Somali by birth, American by the good fortune we all cherish and share, Omar has trafficked openly and unapologetically in anti-Semitic tropes. Not unpracticed in such virulent rhetoric, she’s done so for well-neigh ten years. A habitué of Jew-hating, a venturer in gross vitriol, she’s expressed over and again her feelings that Israel is not only an odious, but a superfluous state. Given her druthers, she’d rather it be enervated or destroyed. This sentiment, harrowing though it may be, isn’t exclusive to her. Indeed, it’s shared quite openly by Omar’s colleague and co-religionist, Rashida Tlaib. Upon entering her office as a newly-elected representative from Michigan, Tlaib proceeded to alter with a carefully placed Post-It note the map on her wall. Not surprisingly, she stuck the little paper where Israel rests, the inference being beyond any need of my explanation here. But if clarification of her intention is wanted, upon the note she scribbled, “Palestine”, omitting only the phrase “from the river to the sea…”
To keep track, the Democratic Party, in the appalling course of a week, has shown itself to be composed of misogynists, racists, baby-killers, and anti-Semites. Socialism, in comparison, seems in this case a relatively innocuous thing. Yet of course, as all who’ve handled the study of history with any diligence and care might attest, socialism is the most insidious and destructive phenomenon of them all. Verily, more people died under Stalin and Zedong under socialism’s name than did Jews because of anti-Semitism under Hitler or blacks under white secessionists.
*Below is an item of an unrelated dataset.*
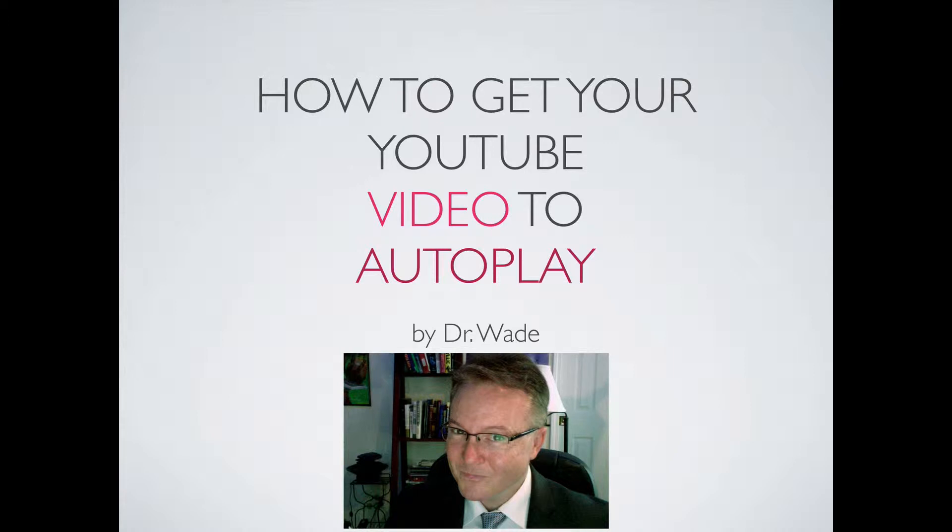You've made this great video. You put it either on a capture page, squeeze page, or on your blog, or just simply on YouTube. And chances are, there's a chance that the person might get there, see the title, and just not want to click play.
Yet this weakens the Democratic ardor for socialism not. From softly supporting the continuation of the Maduro regime in Venezuela to promulgating the newfangled Green New Deal, Democrats of the more “progressive” ilk are beginning to flash their socialist feathers without a second thought. Yet in releasing the zealously-hyped Green New Deal, the Party did unto itself a disservice. Not only was the proposal chimerical from bottom to top, it was juvenile and released in a cursory way. It read like the half-baked utopian yearnings of an author more illicitly, intoxicatingly baked. Less a convincing pitch to take more seriously environmentalism, more a back-door introduction to communism, the Green New Deal is an embarrassment to the cause. This “Green Leap Forward”, as wittily it’s been dubbed, is nothing more than a zero-emission, zero-cognition, starry-eyed socialist screed.
The Democratic Party is unravelling. Of this, there’s little doubt. What’s jarring is the rapidity with which it’s gone about doing so. We await now, as always in politics we do, for the Republican Party to do the same. The amazing thing in this age of instant fascination and gratification is that we’re never made to wait long.